Outra importante classificação engloba 153 mil hectares dessas áreas classificadas como Áreas de Alto Valor de Conservação (AAVC) (IBÁ, 2019), consideradas de extrema importância para a preservação de espécies da flora e da fauna, manutenção de ecossistemas, prestação de serviços ambientais e preservação da identidade cultural tradicional de comunidades locais.
A contribuição do setor florestal para minimizar as mudanças climáticas também passa pelo processo fabril. Por exemplo, a indústria de árvores gera a maior parte da energia necessária para realizar seus processos produtivos, por meio da biomassa florestal (resíduos industriais e florestais), cerca de 70% pode ser economizado (IBÁ, 2019).
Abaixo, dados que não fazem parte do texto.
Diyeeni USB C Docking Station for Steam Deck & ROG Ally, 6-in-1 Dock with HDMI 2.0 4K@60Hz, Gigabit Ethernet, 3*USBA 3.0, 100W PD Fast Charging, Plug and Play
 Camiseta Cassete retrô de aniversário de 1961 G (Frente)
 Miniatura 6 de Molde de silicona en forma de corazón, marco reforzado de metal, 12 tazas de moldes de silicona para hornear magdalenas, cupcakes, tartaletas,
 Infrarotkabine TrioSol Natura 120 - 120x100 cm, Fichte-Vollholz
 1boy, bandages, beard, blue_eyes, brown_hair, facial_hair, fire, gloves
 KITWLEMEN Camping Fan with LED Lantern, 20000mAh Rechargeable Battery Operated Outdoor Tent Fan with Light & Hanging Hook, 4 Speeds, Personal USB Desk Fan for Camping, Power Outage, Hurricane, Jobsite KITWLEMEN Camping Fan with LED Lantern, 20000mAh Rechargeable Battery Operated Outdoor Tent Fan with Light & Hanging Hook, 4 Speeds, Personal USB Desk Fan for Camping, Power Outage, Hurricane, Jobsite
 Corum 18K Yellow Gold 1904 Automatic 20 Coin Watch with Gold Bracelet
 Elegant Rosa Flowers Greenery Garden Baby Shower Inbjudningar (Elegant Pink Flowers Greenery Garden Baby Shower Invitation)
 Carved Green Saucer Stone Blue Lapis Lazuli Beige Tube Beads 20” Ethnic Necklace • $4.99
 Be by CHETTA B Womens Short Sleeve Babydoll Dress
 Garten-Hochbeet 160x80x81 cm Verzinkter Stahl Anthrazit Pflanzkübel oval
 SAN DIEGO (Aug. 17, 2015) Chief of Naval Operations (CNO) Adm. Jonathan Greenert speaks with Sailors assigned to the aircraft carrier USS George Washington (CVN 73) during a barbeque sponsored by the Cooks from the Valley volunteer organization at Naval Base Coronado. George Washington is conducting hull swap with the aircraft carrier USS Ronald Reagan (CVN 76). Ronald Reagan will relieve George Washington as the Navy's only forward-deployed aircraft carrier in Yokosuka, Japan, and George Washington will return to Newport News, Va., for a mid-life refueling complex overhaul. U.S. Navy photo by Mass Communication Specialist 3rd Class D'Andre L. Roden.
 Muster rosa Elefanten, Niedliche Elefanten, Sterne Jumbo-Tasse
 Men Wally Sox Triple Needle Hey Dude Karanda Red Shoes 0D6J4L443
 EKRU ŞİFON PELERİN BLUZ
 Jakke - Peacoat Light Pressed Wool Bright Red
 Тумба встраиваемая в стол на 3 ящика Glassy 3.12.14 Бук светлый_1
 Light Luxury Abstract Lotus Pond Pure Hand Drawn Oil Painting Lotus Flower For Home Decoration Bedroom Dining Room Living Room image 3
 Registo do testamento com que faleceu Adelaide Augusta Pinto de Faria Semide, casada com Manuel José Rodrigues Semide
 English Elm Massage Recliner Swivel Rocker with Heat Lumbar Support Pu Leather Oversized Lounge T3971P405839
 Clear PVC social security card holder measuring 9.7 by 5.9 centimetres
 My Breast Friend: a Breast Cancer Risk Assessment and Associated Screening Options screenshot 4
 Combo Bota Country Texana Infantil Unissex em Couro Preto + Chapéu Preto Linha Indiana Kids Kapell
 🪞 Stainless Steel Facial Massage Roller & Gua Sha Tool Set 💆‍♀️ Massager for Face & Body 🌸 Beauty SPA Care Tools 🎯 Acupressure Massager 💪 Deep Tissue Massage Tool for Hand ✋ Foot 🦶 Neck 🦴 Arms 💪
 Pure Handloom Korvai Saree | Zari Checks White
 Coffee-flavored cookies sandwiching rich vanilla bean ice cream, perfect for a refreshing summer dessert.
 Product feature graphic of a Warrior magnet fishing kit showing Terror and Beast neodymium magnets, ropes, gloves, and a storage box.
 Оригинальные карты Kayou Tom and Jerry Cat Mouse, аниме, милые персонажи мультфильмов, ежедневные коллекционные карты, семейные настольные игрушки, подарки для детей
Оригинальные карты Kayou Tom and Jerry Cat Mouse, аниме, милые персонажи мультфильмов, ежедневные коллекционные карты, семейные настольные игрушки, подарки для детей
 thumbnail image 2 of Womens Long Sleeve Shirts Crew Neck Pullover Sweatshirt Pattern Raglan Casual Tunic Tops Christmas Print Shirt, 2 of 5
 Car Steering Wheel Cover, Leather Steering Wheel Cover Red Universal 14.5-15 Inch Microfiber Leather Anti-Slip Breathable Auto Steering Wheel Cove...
Há perspectivas para que em um futuro próximo, se estabeleçam mais biorrefinarias, gerando outros produtos, além da energia, como por exemplo, biocombustíveis. Isso significa que além das remoções e estoques de carbono, o setor também contribui evitando emissões por meio do uso de diversos produtos florestais ao invés de energia e produtos de fontes não renováveis.
Desafios e oportunidades
Essas ações, em que atua o setor florestal, não parecem, ainda, ter tido o devido reconhecimento, mas, com certeza, ficarão evidenciadas, à medida que esse balanço positivo seja mensurado e comprovado.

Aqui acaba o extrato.